The dilution series control also establishes assay linearity and dynamic range, which typically extends from the background event counts from reagent only controls (~2000/100 uL) to ~500,000 events per 100 uL, above which point evidence of coincidence detection can often be observed. In general, assays and standards are configured to detect ~50,000 events/100 uL, with the assay working range extending a factor of 10 above and below this target.

vFC EV cargo measurements

One of the key limitations of other assays is inability to measure EV cargo at the single EV level. Single EV cargo measurement is required to fully understand EV heterogeneity and characterize EV subpopulations. Beyond specific and quantitative measurement of EV number and size, vFC™ coupled with the exquisite sensitivity of the CytoFLEX enables no-wash, quantitative measurement of EV cargo. EV cargo can be labeled by several means including fluorescent protein fusion expression, chemical or enzymatic labeling, or staining with fluorescently labeled antibodies with immunofluorescence being the most useful for measuring specific proteins, especially on the membrane surface. Immunofluorescence of EVs using vFC™ involves the same principles as immunofluorescence of cells, including the principles of staining optimization, specificity validation, panel design and fluorescence calibration.

vFC™ Immunofluorescence

EV surface cargo measurement depends on a calibrated instrument, validated antibodies, and optimized staining. Optimization and validation vFC™ immunofluorescence is best accomplished using appropriate calibration reagents with staining of known positive and negative samples as reference materials to demonstrate appropriate specificity and sensitivity.  For example, Figure 6 shows the workflow for development of an anti-tetraspanin vTag™ antibody, the traditional positive EV marker run in vFC™ counting and sizing assays to comply with MISEV guidelines. This antibody cocktail contains multiple monoclonal antibodies with specificity to the prominent tetraspanins CD9, CD63, and CD81. The binding properties of each antibody, as well of the mixture, and optimized via antibody titiraton and appropriate controls. Antibody titration identifies the saturating concentration that provides maximal brightness while minimizing background. Specificity of staining is demonstrated using well-characterized human platelet (PLT) derived EVs as a positive control reference material, and Lipo100 vesicle standard, which bears no protein antigen, as a negative control. An isotype control should be included to measure signal due to non-specific Fc interactions. A high signal in an isotype control necessitates pre-treatment with an Fc blocking reagent. The vTag™ anti-human TS cocktail has since been validated on EVs from dozens of sample types.

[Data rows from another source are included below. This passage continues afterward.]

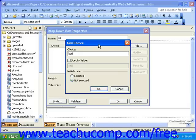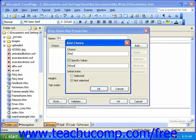If the value to be returned to you when a visitor selects this choice is different than the choice itself, you can specify that value by selecting the Specify Value checkbox and entering a different value. Then you can select an initial state for this particular choice — either selected or not selected. Only one choice from the drop-down box can be selected.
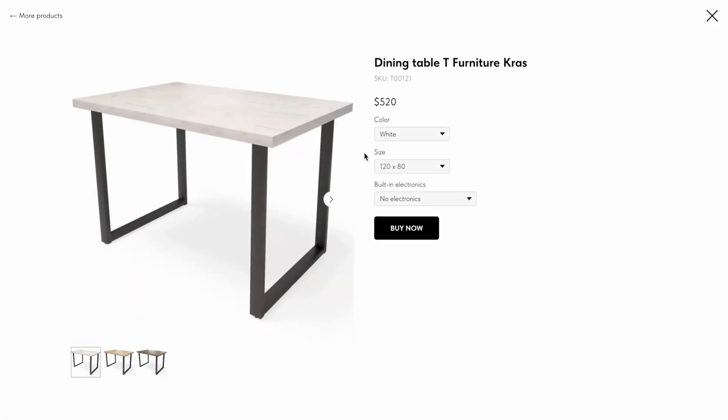I've created a website with products that have variants and additional options. Variants are products that differ from each other by an attribute, for example, by color. One product can have several attributes. In my example, the product variants differ from each other by color and size.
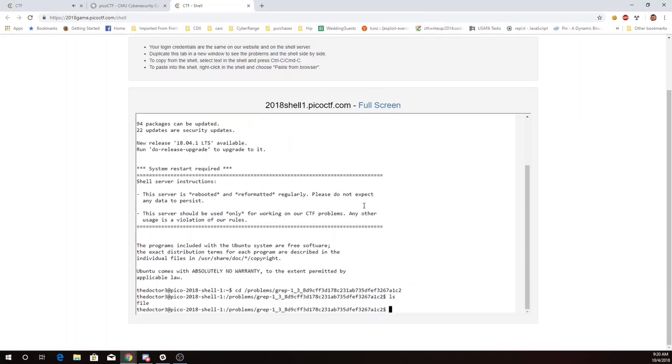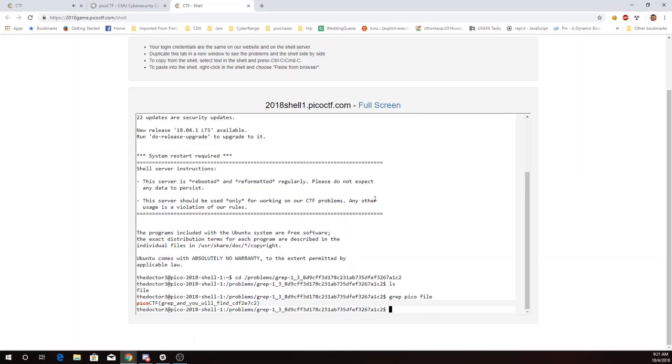I have this file, and GREP is going to allow me to look for a pattern in the file. My flags have had the word PICO in them, so I'm going to look for the word PICO in the file. And there is my flag.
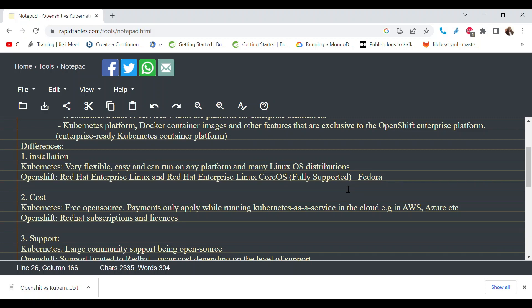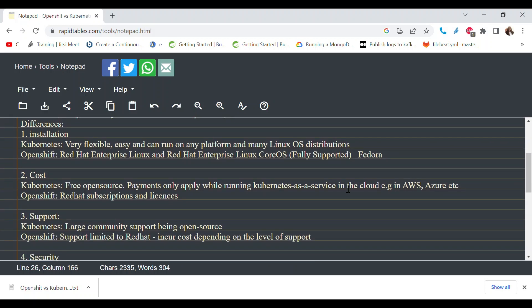When it comes to support, Kubernetes is open source and has a large community where you can get information for free. OpenShift is a Red Hat solution, so you get dedicated support from Red Hat, but this is paid support. Depending on the SLA and agreements you have with Red Hat, the level of support you receive is paid for. This can influence whether you prefer community support or a vendor-backed support model.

Figure 6. vFC Immunofluorescence.  (A) Antibody titration on a positive control vesicle (PLT EVs) allows antibody staining conditions to be optimized (B) for resolution from unstained controls (shaded histogram). (C) A vesicle lacking antigen (Lipo100) can serve as a negative control. (D) An irrelevant isotype control can reveal any Fc receptor-mediated binding of antibodies. 

Note: In single color staining experiments, PE is an excellent choice of a conjugate due to its brightness and wide availability. Additionally, availability of reference particles for calibration of PE fluorescence into MESF units allows the data to be expressed in absolute units, which equates with antibody molecules per vesicle for a singly labeled PE conjugate. Other colors are suitable and may be used as dictated by proper panel design.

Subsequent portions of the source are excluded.